Start of Block

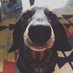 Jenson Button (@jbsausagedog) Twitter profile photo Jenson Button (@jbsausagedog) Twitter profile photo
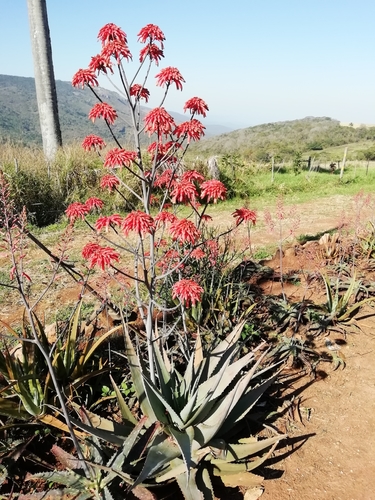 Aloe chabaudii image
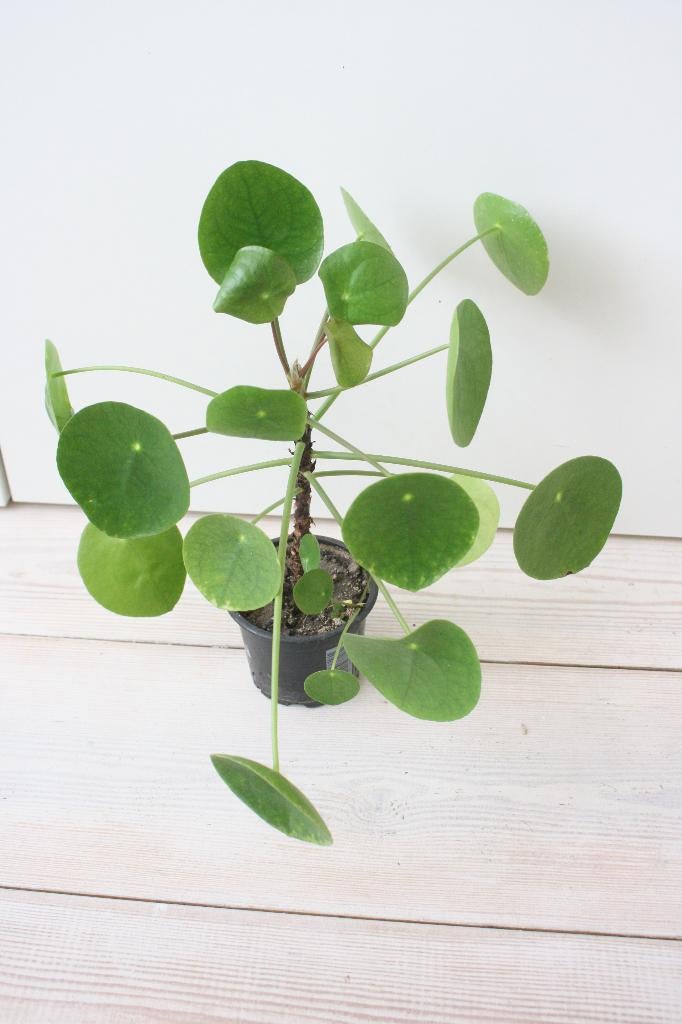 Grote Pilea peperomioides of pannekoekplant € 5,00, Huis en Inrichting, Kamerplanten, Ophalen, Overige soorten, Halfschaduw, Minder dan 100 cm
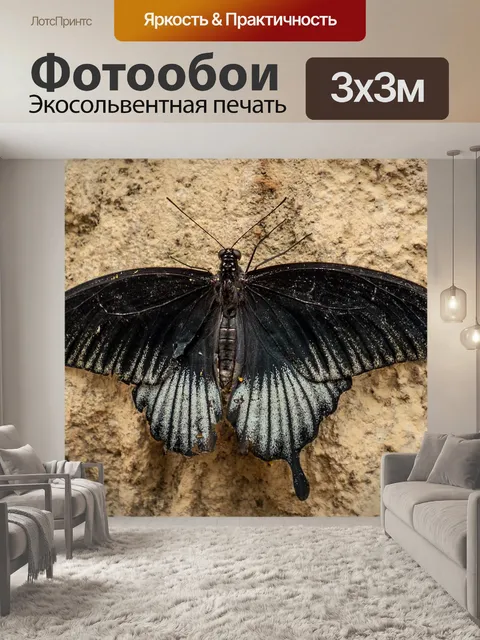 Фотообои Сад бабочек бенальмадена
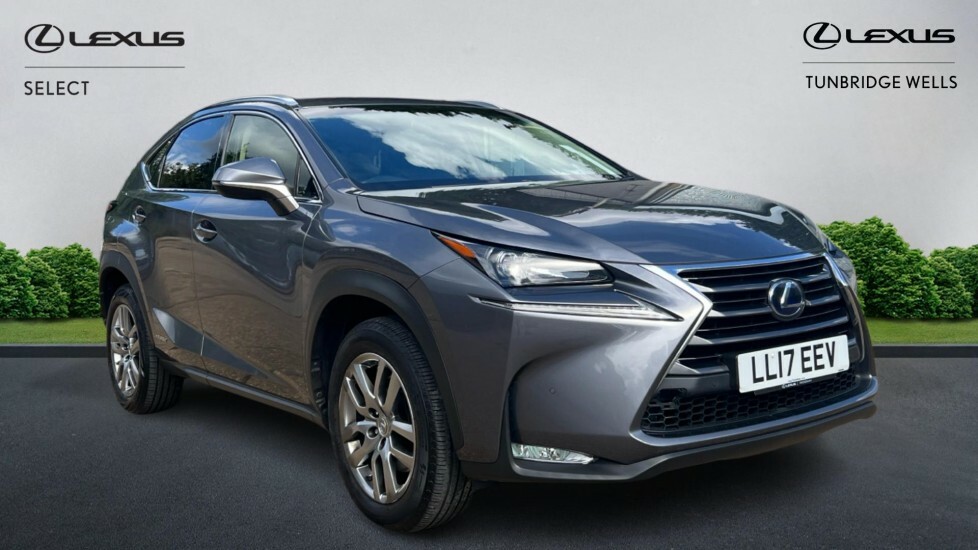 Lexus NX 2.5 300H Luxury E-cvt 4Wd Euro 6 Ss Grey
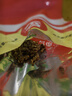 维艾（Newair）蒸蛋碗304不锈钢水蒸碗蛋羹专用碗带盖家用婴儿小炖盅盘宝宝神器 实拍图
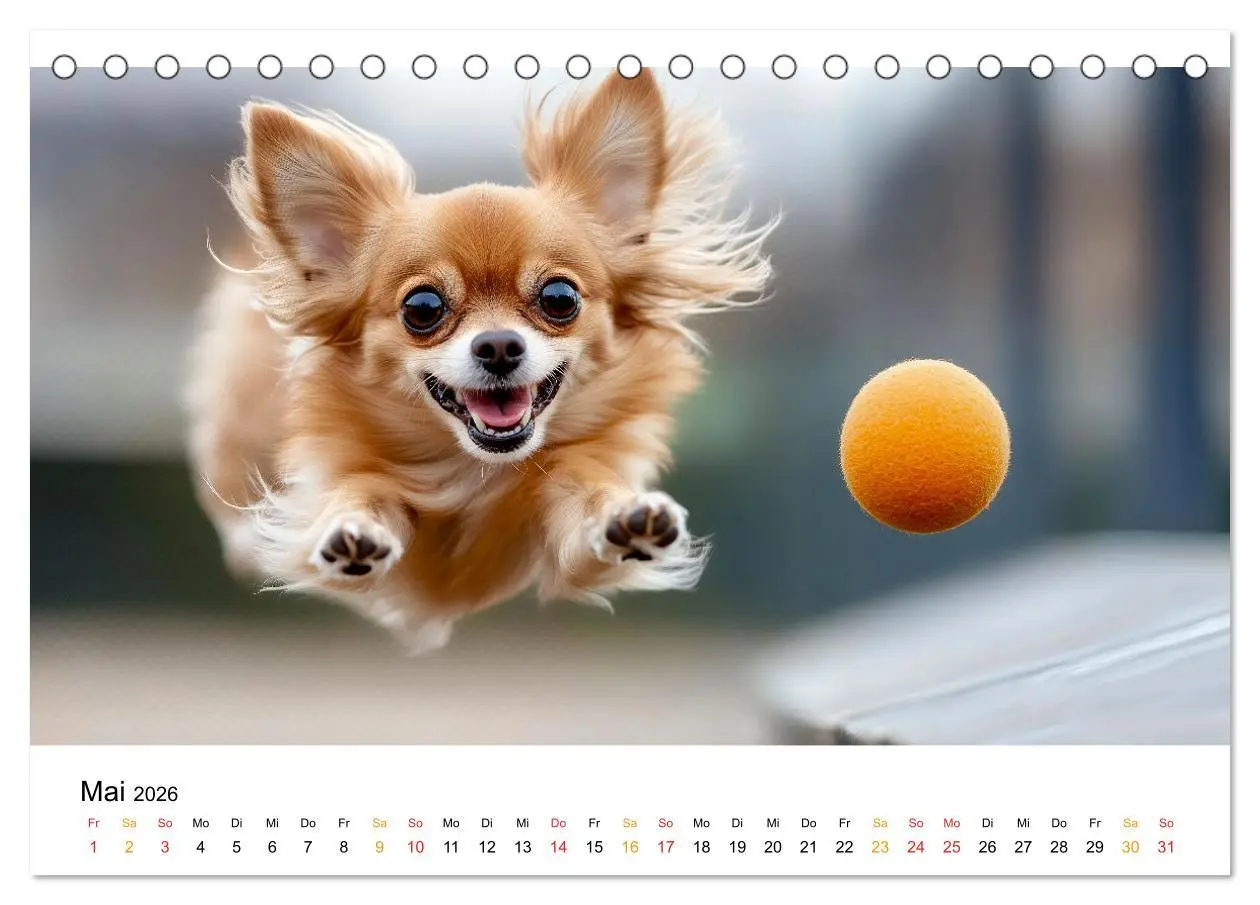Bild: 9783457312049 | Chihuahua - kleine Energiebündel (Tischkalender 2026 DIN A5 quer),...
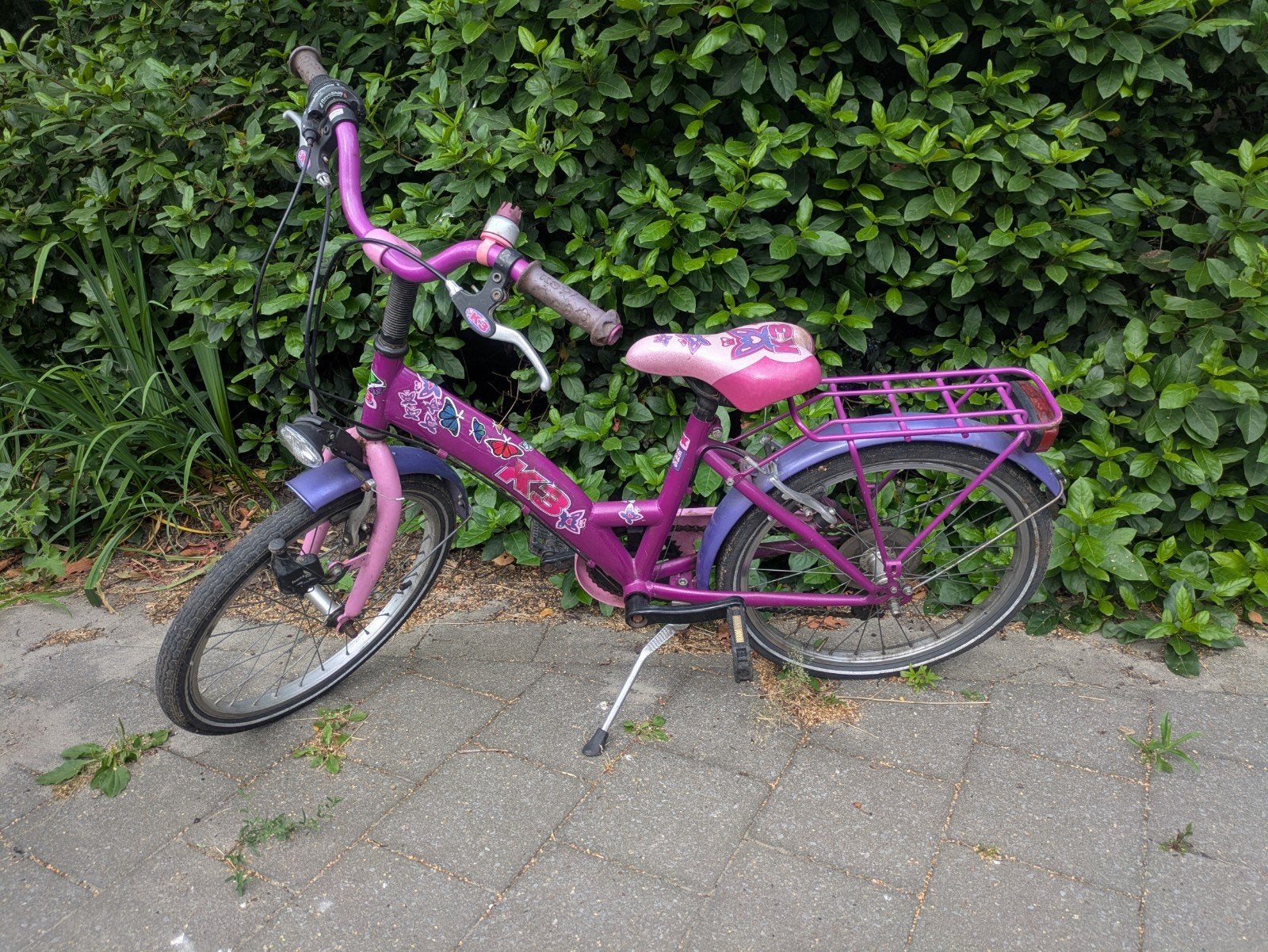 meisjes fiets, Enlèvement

End of Block

### TASK INSTRUCTIONS:
With pictures excluded, the material is to be written out exactly as given.

### SOLUTION:
 Jenson Button (@jbsausagedog) Twitter profile photo Jenson Button (@jbsausagedog) Twitter profile photo
 Aloe chabaudii image
 Grote Pilea peperomioides of pannekoekplant € 5,00, Huis en Inrichting, Kamerplanten, Ophalen, Overige soorten, Halfschaduw, Minder dan 100 cm
 Фотообои Сад бабочек бенальмадена
 Lexus NX 2.5 300H Luxury E-cvt 4Wd Euro 6 Ss Grey
 维艾（Newair）蒸蛋碗304不锈钢水蒸碗蛋羹专用碗带盖家用婴儿小炖盅盘宝宝神器 实拍图
Bild: 9783457312049 | Chihuahua - kleine Energiebündel (Tischkalender 2026 DIN A5 quer),...
 meisjes fiets, Enlèvement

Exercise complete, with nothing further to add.